§ **PROBLEM REQUIREMENTS**: The entries are to be output word for word, with the pictures omitted.
· · · ·
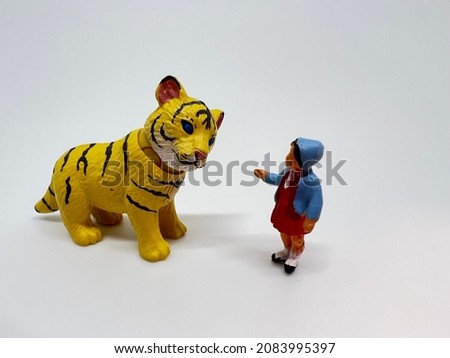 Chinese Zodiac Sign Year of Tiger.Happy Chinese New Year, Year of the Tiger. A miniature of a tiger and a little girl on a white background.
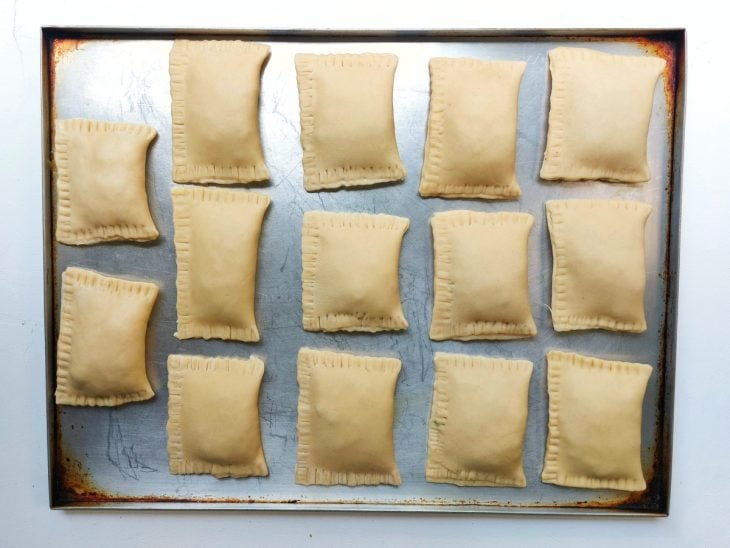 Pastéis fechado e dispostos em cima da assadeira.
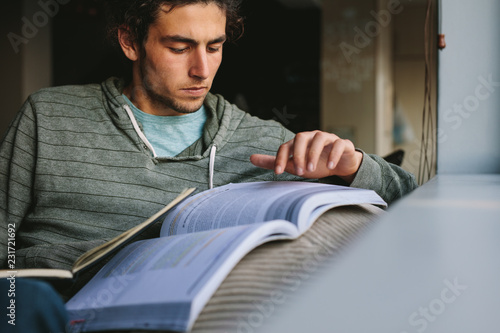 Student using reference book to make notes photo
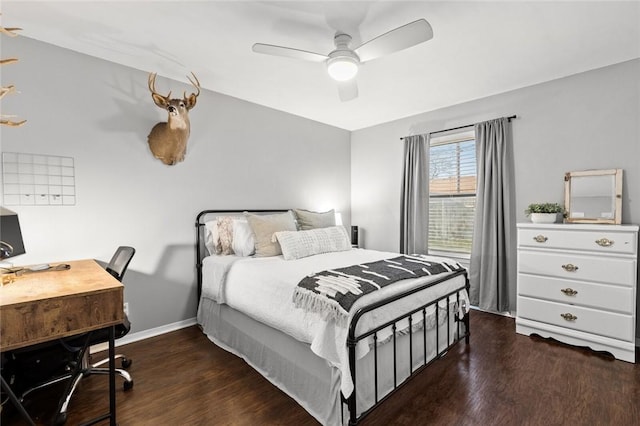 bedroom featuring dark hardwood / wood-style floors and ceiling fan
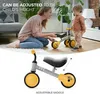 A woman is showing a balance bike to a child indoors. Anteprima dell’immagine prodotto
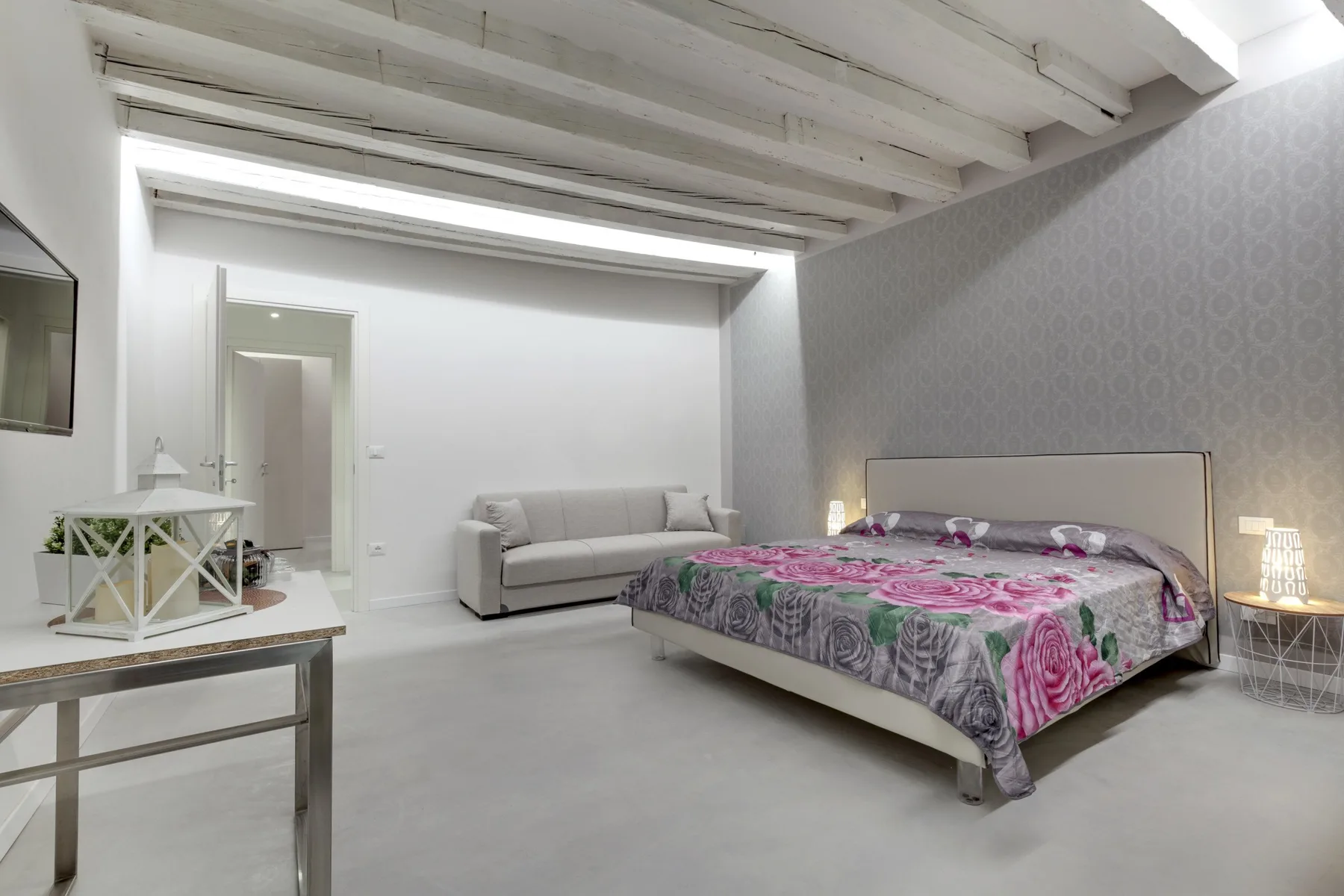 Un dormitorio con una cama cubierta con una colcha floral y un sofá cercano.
· · · ·
§ **RESPONSE BELOW**:
 Chinese Zodiac Sign Year of Tiger.Happy Chinese New Year, Year of the Tiger. A miniature of a tiger and a little girl on a white background.
 Pastéis fechado e dispostos em cima da assadeira.
 Student using reference book to make notes photo
 bedroom featuring dark hardwood / wood-style floors and ceiling fan
 A woman is showing a balance bike to a child indoors. Anteprima dell’immagine prodotto
 Un dormitorio con una cama cubierta con una colcha floral y un sofá cercano.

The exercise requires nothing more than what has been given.